When one thinks of great games on the Nintendo DS, it is hard not to think about any one of the Professor Layton games. Level-5’s brilliantly charming and whimsical puzzle-solving adventure series is all but synonymous with the handheld.
I recently had the chance to give Professor Layton and the Last Specter — the fourth in the series — a go at perhaps one of the most unique preview events I have ever attended. Tucked into a booth at the British pub The House of Shields, I was paired up with a team of fellow gaming journalists to tackle a small handful of puzzles — against the pressure of a clock — in an attempt to win a very coveted golden hat trophy. We were confident, maybe a little cocky — after all, our team was named the F*ucking Spectres with a “re” — but were weren’t going to let Nintendo make us feel like idiots. We may have been wrong.
Professor Layton and the Last Specter (Nintendo DS)
Developer: Level-5
Publisher: Nintendo
Released: October 17, 2011
As we stared at the first puzzle, scratching our heads, we began to hear other teams in the pub celebrating as they came to its conclusion. The clock was ticking, and we all wondered if Nintendo really did invite us just to make us all feel a little stupid. When the one-minute warning went out, an epiphany hit one of my teammates and jubilation commenced.
I’ve always associated the Layton series with being a more single-player endeavor — though I do enjoy peering over my girlfriend’s shoulder while she’s playing in an attempt to outwit her — but fast and frantically working in a team environment brought a whole new level of enjoyment from this game I had not expected.
Thinking back on it, the puzzle was quite simple — probably the reason it was the first choice — but it got us all thinking on the same wave length. Seven coins were laid out before us, five showing heads and two showing tails. The challenge was to have an even amount of coins show both heads and tails under the restrictions of only moving and flipping over one coin. If you know the answer already, you’re a smarter person than me or any of my teammates, but I won’t unravel its simple intricacy here.

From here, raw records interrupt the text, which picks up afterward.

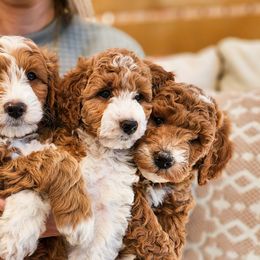 Bernedoodles, Cockapoos, and Goldendoodles from Macy Meadows Doodles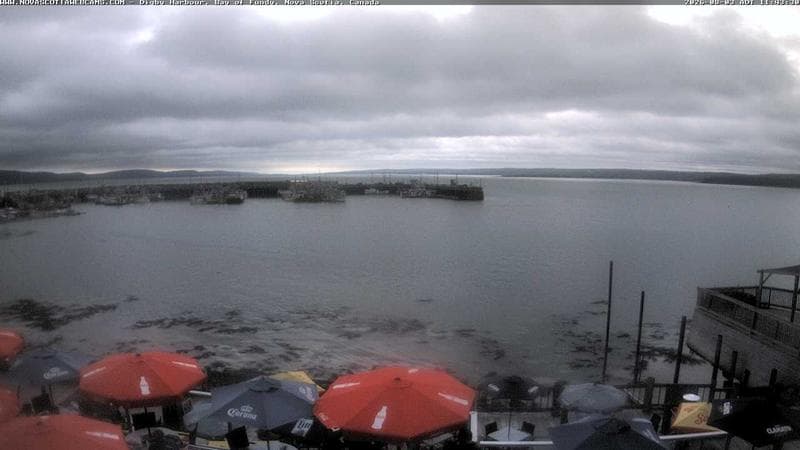 Digby Harbour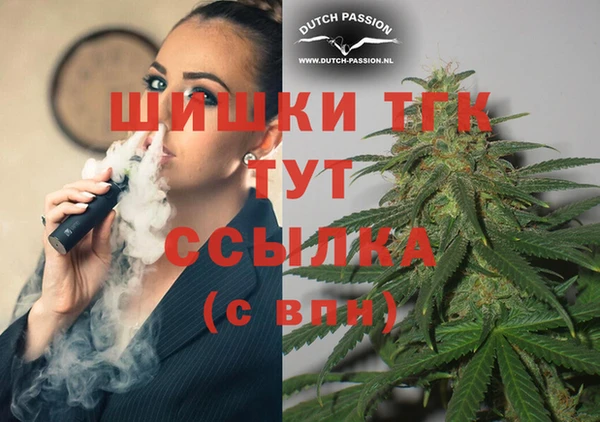 хмурый Арсеньев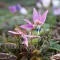 Bulbi Erythronium Dens-Canis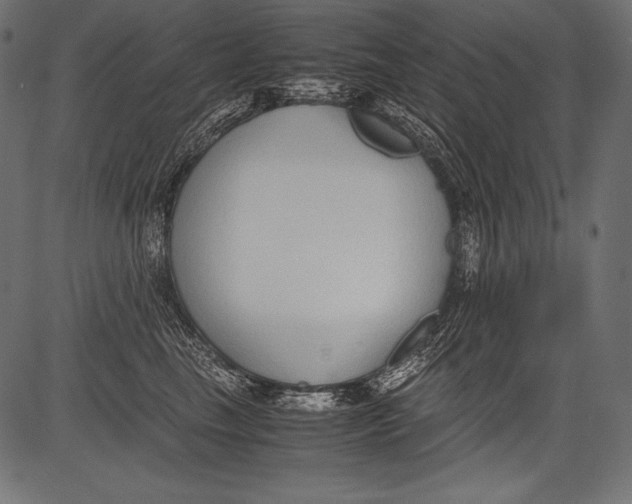 X0000081370665200702020206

With the first challenge down, our team was soon on a roll. We took down the next six consecutive puzzles with only a couple of close calls. Professor Layton and the Last Specter still incorporates the assist functions of previous iterations, such as notetaking in the memo and buying hints when in a predicament. For the sake of this contest, we were banned from using the hint option, but to be honest, I don’t think it would have helped by the time we hit the hard puzzles.
The first of the hard puzzles had us trying to figure out the code to open a locked door. An equation of shapes, representing numbers, held the key to our dilemma. It may have been some of the fine English alcohol we had consumed prior to the puzzle solving, but something told us we were in over our heads here. If you weren’t aware, most journalists are only journalists because they are horrible at math.

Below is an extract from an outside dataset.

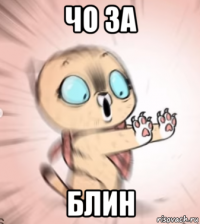 чо за блин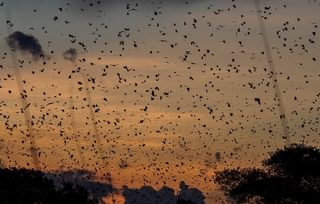 Kasanka Bat Migration Kasanka Bat Migration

We went on to fail the next two puzzles, one dealing with pattern recognition and the other some simpler shape manipulation. We probably should have figured out the last one, but defeat had reared its ugly little head and our brains were out of gas.

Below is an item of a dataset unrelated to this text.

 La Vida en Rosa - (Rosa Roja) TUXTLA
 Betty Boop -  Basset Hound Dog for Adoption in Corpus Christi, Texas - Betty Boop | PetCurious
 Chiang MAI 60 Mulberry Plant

Part of the mystery and fascination I have always found with the series has been the clever ways the puzzles integrate with genuinely intriguing narrative. While I can’t attest from my hands-on time with the latest that the professor’s origin story is as captivating as his later adventures, I do feel confident from the limited puzzles I played that the charming brain-twisting trials seem to be up to par.
Professor Layton and the Last Specter promises the most puzzles to grace the series, and if that’s not enough, there is also a bonus 100-hour RPG — complete with Earthbound-esque visuals — called London Life to keep the most diligent of gamers thoroughly occupied. This may be the fourth and final foray for the Nintendo DS, but for those who’ve missed out on this spectacular series — or those 3DS owners still yearning for some quality content — The Last Specter looks to be the perfect place to become proper with the professor.